Here is the website where the PDI numbers are located http://clearlycultural.com/geert-hofstede-cultural-dimensions/power-distance-index/
url <- url <- 'https://raw.githubusercontent.com/fivethirtyeight/data/master/airline-safety/airline-safety.csv'
airline_safety <- as.data.frame(read.csv(url(url), stringsAsFactors = F, header = T))
Lets separate the data by year,
# Most fatalities top 10 and least fatal top 10
airline_safety_85_99 <- airline_safety %>% select(airline,incidents_85_99:fatalities_85_99) %>%
arrange(desc(fatalities_85_99))
airline_safety_85_99 <- rbind(head(airline_safety_85_99,10),tail(airline_safety_85_99,10))
PDI_country <- c(80,54,60,40,77,67,40,80,64,80,68,33,80,40,64,36,31,40,63,35)
airline_safety_85_99 <- cbind(airline_safety_85_99,PDI_country)
airline_safety_85_99
## airline incidents_85_99 fatal_accidents_85_99
## 1 China Airlines 12 6
## 2 Japan Airlines 3 1
## 3 Korean Air 12 5
## 4 Delta / Northwest* 24 12
## 5 Air India* 2 1
## 6 Avianca 5 3
## 7 United / Continental* 19 8
## 8 Saudi Arabian 7 2
## 9 Thai Airways 8 4
## 10 Egyptair 8 3
## 47 Cathay Pacific* 0 0
## 48 Finnair 1 0
## 49 Gulf Air 1 0
## 50 Hawaiian Airlines 0 0
## 51 Kenya Airways 2 0
## 52 Qantas* 1 0
## 53 SAS* 5 0
## 54 Southwest Airlines 1 0
## 55 TAP - Air Portugal 0 0
## 56 Virgin Atlantic 1 0
## fatalities_85_99 PDI_country
## 1 535 80
## 2 520 54
## 3 425 60
## 4 407 40
## 5 329 77
## 6 323 67
## 7 319 40
## 8 313 80
## 9 308 64
## 10 282 80
## 47 0 68
## 48 0 33
## 49 0 80
## 50 0 40
## 51 0 64
## 52 0 36
## 53 0 31
## 54 0 40
## 55 0 63
## 56 0 35
Lets plot fatalities vs PDI
ggplot(airline_safety_85_99, aes(x = PDI_country, y = fatalities_85_99)) + geom_point()

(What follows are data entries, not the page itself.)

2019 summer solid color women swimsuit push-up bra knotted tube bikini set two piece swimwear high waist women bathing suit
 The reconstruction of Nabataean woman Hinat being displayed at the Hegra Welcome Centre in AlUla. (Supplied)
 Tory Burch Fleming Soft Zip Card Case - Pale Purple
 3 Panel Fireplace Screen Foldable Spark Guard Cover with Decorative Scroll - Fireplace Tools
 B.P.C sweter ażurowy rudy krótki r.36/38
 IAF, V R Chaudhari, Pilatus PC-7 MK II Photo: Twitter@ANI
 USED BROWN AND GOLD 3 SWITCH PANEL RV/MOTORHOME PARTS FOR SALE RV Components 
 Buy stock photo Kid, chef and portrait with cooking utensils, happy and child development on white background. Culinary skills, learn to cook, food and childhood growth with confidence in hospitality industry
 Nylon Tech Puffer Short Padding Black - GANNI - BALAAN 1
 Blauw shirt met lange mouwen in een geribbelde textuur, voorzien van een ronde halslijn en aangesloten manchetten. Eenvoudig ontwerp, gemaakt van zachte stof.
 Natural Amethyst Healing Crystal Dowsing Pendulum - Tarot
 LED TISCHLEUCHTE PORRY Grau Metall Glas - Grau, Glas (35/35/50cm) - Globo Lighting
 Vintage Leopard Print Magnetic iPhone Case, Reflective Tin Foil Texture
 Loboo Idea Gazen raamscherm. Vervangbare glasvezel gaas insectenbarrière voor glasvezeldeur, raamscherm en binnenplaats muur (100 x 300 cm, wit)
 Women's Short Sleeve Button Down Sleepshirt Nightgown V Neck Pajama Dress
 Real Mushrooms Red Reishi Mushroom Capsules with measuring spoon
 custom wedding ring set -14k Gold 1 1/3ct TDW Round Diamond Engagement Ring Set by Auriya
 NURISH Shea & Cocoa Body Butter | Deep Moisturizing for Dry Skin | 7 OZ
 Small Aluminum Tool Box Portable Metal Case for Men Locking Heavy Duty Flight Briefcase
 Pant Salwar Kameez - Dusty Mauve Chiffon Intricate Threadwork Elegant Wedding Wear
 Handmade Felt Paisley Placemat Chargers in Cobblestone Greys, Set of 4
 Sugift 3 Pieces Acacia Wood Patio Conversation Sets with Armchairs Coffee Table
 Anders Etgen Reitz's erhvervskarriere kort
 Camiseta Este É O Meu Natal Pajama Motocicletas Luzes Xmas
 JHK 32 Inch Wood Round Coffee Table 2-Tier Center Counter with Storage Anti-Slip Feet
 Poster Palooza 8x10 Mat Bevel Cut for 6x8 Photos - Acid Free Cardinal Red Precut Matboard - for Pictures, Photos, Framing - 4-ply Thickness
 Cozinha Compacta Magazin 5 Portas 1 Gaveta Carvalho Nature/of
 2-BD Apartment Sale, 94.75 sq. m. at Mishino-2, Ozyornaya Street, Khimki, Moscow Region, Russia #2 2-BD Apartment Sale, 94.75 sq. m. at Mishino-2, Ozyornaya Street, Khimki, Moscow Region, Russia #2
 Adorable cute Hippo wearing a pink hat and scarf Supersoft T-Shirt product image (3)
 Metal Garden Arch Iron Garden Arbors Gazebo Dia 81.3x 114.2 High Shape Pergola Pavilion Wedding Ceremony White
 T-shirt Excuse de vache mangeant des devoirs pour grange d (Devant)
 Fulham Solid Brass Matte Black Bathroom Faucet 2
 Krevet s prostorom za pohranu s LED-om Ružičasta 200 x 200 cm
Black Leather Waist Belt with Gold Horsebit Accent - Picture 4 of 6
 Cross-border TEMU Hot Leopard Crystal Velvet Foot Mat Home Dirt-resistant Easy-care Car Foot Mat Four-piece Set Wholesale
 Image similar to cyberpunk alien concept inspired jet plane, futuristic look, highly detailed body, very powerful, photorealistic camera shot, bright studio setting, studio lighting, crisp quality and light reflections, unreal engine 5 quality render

Lets plot indidents vs PDI plots
ggplot(airline_safety_85_99, aes(x = PDI_country, y = incidents_85_99)) + geom_point()
Generally speaking from the 2 graphs above we see that pilots in airlines based from countries with higher PDIs are more susceptible to causing fatalities in their accidents as well as more likley to be involved in an incident between 1985-1999 In the second chart it is more noticeable with the exception of the airlines based in the United States having a larged amount of incidents. There are also a couple of airlines when rather high PDIs that happened to have zero incidents and zero fatalities. I would suggest there is a slight trend based off of this current subset that airlines located in countries with higher PDIs are more susceptible to incidents that those with lower PDIs.